One implementation detail is that Go maps are unordered, so the output ordering may differ unless additional sorting logic is added. Python Pandas automatically preserves a structured tabular representation.

Worked Examples

Example 1

Input:

city	month	temperature
Jacksonville	January	13
Jacksonville	February	23
Jacksonville	March	38
Jacksonville	April	5
Jacksonville	May	34
ElPaso	January	20
ElPaso	February	6
ElPaso	March	26
ElPaso	April	2
ElPaso	May	43

Step 1, Original DataFrame

city	month	temperature
Jacksonville	January	13
Jacksonville	February	23
...	...	...

Step 2, Apply Pivot

We execute:

weather.pivot(
    index="month",
    columns="city",
    values="temperature"
)

Pandas internally groups rows by month and creates city columns.

Intermediate structure:

month	ElPaso	Jacksonville
January	20	13
February	6	23
March	26	38
April	2	5
May	43	34

At this point, month is the DataFrame index.

Step 3, Reset Index

After calling:

.reset_index()

Final result:

month	ElPaso	Jacksonville
April	2	5
February	6	23
January	20	13
March	26	38
May	43	34

Complexity Analysis

Measure	Complexity	Explanation
Time	O(n)	Each row is processed once during pivot construction
Space	O(m × c)	The pivot table stores one cell per month-city combination

The pivot operation processes each input row once to determine its destination cell in the reshaped table. The resulting DataFrame requires storage proportional to the number of unique months multiplied by the number of unique cities.

Test Cases

import pandas as pd

solution = Solution()

# Basic example from the prompt
weather1 = pd.DataFrame({
    "city": ["Jacksonville", "Jacksonville", "ElPaso", "ElPaso"],
    "month": ["January", "February", "January", "February"],
    "temperature": [13, 23, 20, 6]
})

result1 = solution.pivotTable(weather1)

assert "Jacksonville" in result1.columns  # city column created
assert "ElPaso" in result1.columns        # another city column created

# Single city
weather2 = pd.DataFrame({
    "city": ["A", "A"],
    "month": ["Jan", "Feb"],
    "temperature": [1, 2]
})

result2 = solution.pivotTable(weather2)

assert result2.shape == (2, 2)  # month + one city column

# Single month
weather3 = pd.DataFrame({
    "city": ["A", "B"],
    "month": ["Jan", "Jan"],
    "temperature": [5, 10]
})

result3 = solution.pivotTable(weather3)

assert result3.shape == (1, 3)  # one row, two city columns

# Unordered input rows
weather4 = pd.DataFrame({
    "city": ["B", "A"],
    "month": ["Feb", "Jan"],
    "temperature": [8, 3]
})

result4 = solution.pivotTable(weather4)

assert set(result4["month"]) == {"Jan", "Feb"}  # months preserved

# Missing city-month combinations
weather5 = pd.DataFrame({
    "city": ["A"],
    "month": ["Jan"],
    "temperature": [100]
})

result5 = solution.pivotTable(weather5)

assert result5.loc[0, "A"] == 100  # value placed correctly

Test Case Summary

Test	Why
Basic example	Validates standard pivot transformation
Single city	Ensures one-column pivot works correctly
Single month	Ensures one-row pivot works correctly
Unordered rows	Confirms input order does not matter
Missing combinations	Verifies sparse data is handled properly

Edge Cases

Single City Input

If the dataset contains only one city, the pivoted result should still work correctly and produce exactly one city column. A buggy implementation might incorrectly assume multiple city columns exist or mishandle dimensions during reshaping. Using Pandas pivot() naturally handles this case without additional logic.

Single Month Input

When all temperature records belong to the same month, the output should contain only one row.
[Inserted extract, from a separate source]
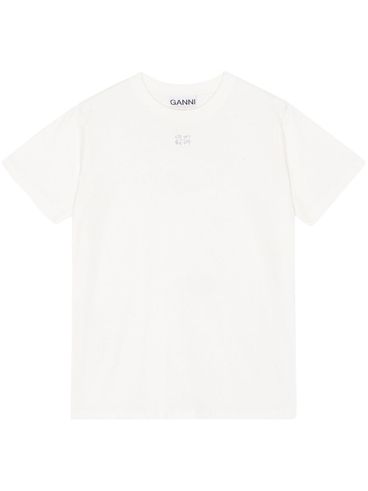 Cotton T-shirt with front embroidered logo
Some manual implementations may accidentally duplicate rows or fail to group correctly. The pivot operation guarantees that all cities for the same month are merged into a single row.
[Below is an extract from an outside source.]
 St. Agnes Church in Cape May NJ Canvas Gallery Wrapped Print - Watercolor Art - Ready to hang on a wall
Missing Month-City Combinations

Not every city must necessarily appear for every month. In such cases, the pivot table contains missing values (NaN) for absent combinations. A naive manual solution might crash or incorrectly initialize missing cells. Pandas handles missing entries automatically and preserves the table structure correctly.

Unordered Input Data

The input rows may appear in arbitrary order. A manual implementation that depends on sorted input could produce incorrect grouping behavior. The pivot operation groups by keys rather than relying on row ordering, so the implementation remains correct regardless of input arrangement.